As the NF has been defined as a hypoperfused, unenhanced core within the highlighted MI, the SI of the NF is equal to or less than the SI of the remote myocardium. To overcome the problem of the NF not showing enhancement in EGE (the time period when its size is the largest), the size of the NF was measured indirectly. After MI thresholding, the unenhanced area of the NF was included in the MI area using the “MVO” contour function of the Mass application (Fig. 2c). Combination of the highlighted MI area and the unenhanced NF area showed the true, total MI area. The difference between the total and the highlighted areas provided the NF area (Fig. 2d). The volume of the MI and NF were each expressed as a percentage of the LVM: the MI fraction (MIF) was calculated as the MI volume/LVM % and the NF fraction (NFF) was calculated as the NF volume/LVM %. NF was also expressed as a percentage of the volume of the MI. Change in the size of the NF over time during the post-contrast period was analysed using the aforementioned technique. The actual size of the NF area was determined at each post-contrast time point.
T2 calculation
T2 was calculated from the TE dependence of the SI by means of a two-parameter, least squares, curve-fitting routine, using the following formula:
$$ \mathrm{S}\mathrm{I} = {\mathrm{SI}}_0 \times {\mathrm{e}}^{\left(-\mathrm{TE} \times \frac{1}{\mathrm{T}2}\right)} $$
where SI0 is the signal intensity at the theoretical TE = 0 time point and it also represents the maximum SI.

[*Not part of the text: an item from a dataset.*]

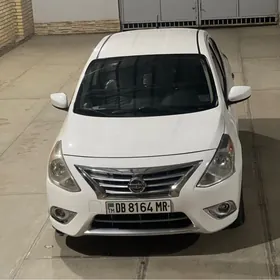Nissan Versa 2015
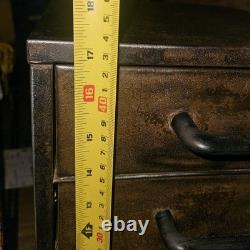 Armoire à outils en acier vintage industriel à cinq tiroirs robuste des années 1950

The segmentation of the MI was carried out based on the areas determined in the EGE images. The T2 of the remote, infarcted (showing LGE), and the NF myocardium were obtained.
Histopathologic assessment
Triphenyltetrazolium-chloride staining
Triphenyltetrazolium-chloride (TTC) staining was used as a post-mortem reference standard to confirm the existence and the size of the MI. The hearts were bread-sliced using a commercial meat slicer, and subsequently the slices were incubated for 20 min with a buffered (pH 7.4) 1.5% TTC solution at 37 °C, similar to the method as described by Fishbein et al. [18]. After staining, the slices were immersed in 10% formalin for 20 min to increase the contrast between the healthy and the infarcted myocardium. Finally, both surfaces of each slice were digitally scanned with an image scanner, and both sides of each slice were analysed using ImageJ (Wayne Rasband, NIH, USA). The LV myocardium and the MI area were manually contoured and quantified. LVM and MIF were determined in each heart.

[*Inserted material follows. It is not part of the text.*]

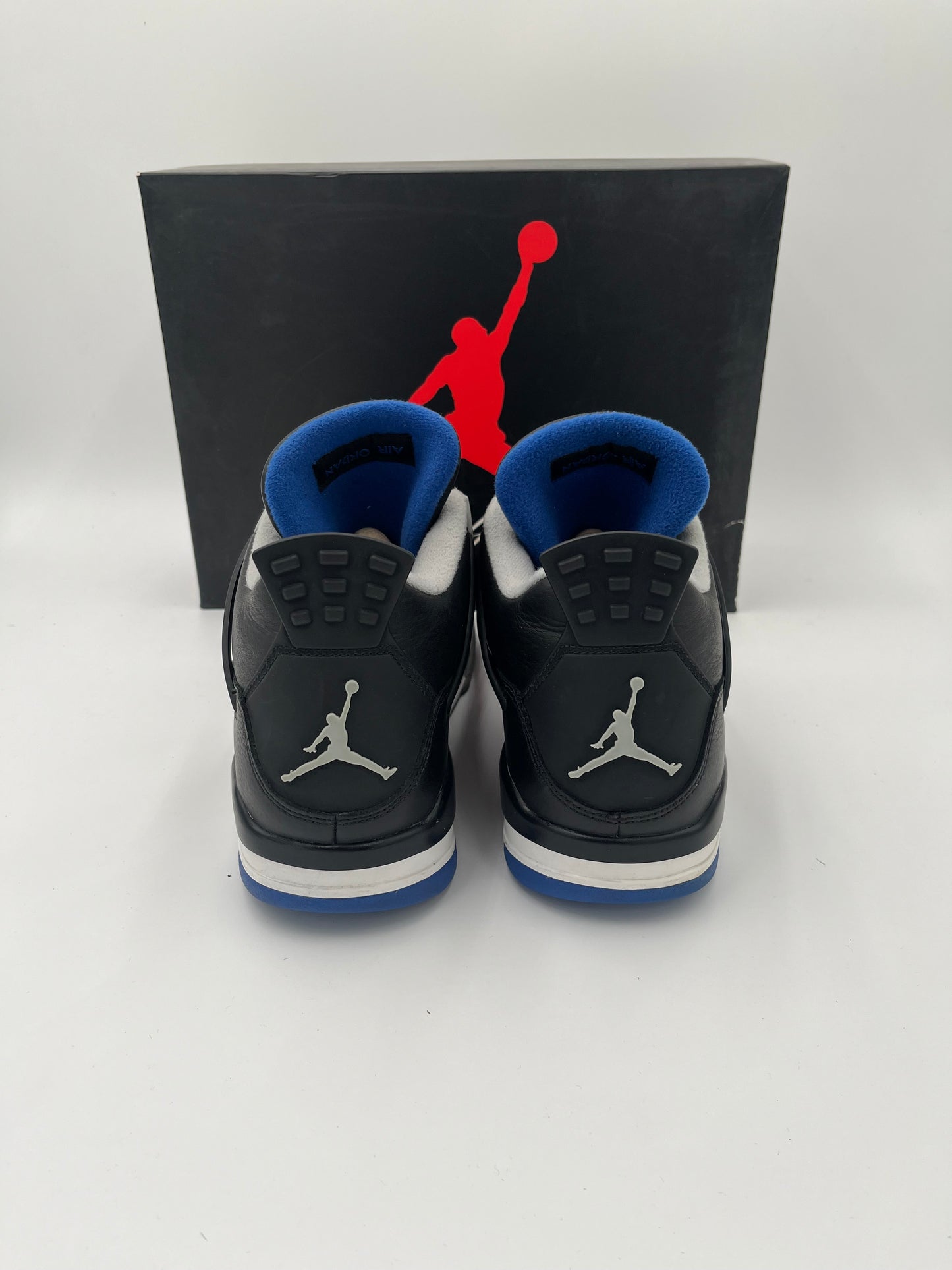 Jordan 4 alternate motorsport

Microscopic histologic assessment
After TTC, whole-heart slices, including the defined epicardial and endocardial borders, were submitted for histopathologic assessment. The samples were fixed in 10% formalin, embedded in paraffin, and sectioned at 5-μm thickness. Haematoxylin-eosin staining (for general evaluation), Prussian blue staining (for haemorrhage detection), and Von Kossa staining (for calcium detection) were performed. Histologic samples were evaluated using a histomorphometry system (BioQuant Image Analysis, Nashville TN, USA) equipped with an Olympus BX-51 video microscope (Olympus America, Center Valley PA, USA).
Statistical analysis
Statistical analysis of the data obtained was carried out using MedCalc 13.2.2 (MedCalc Software, Ostend, Belgium). The Kolmogorov-Smirnov test was used to confirm that the data had a Gaussian distribution. T2 measurements and infarct-related parameters (MI and NF volume, MIF, and NFF) were compared in the reperfused and non-reperfused models using the independent samples t test, and MI size and LVM measured by MRI and TTC were compared using the paired samples t test. The size of the NF area was measured at each post-contrast time point and repeated measures analysis of variance was used to determine the time when the size of the NF was significantly different from the reference EGE measurement. Results were reported as mean ± standard deviation (SD), unless otherwise noted. p values lower than 0.050 were considered significant.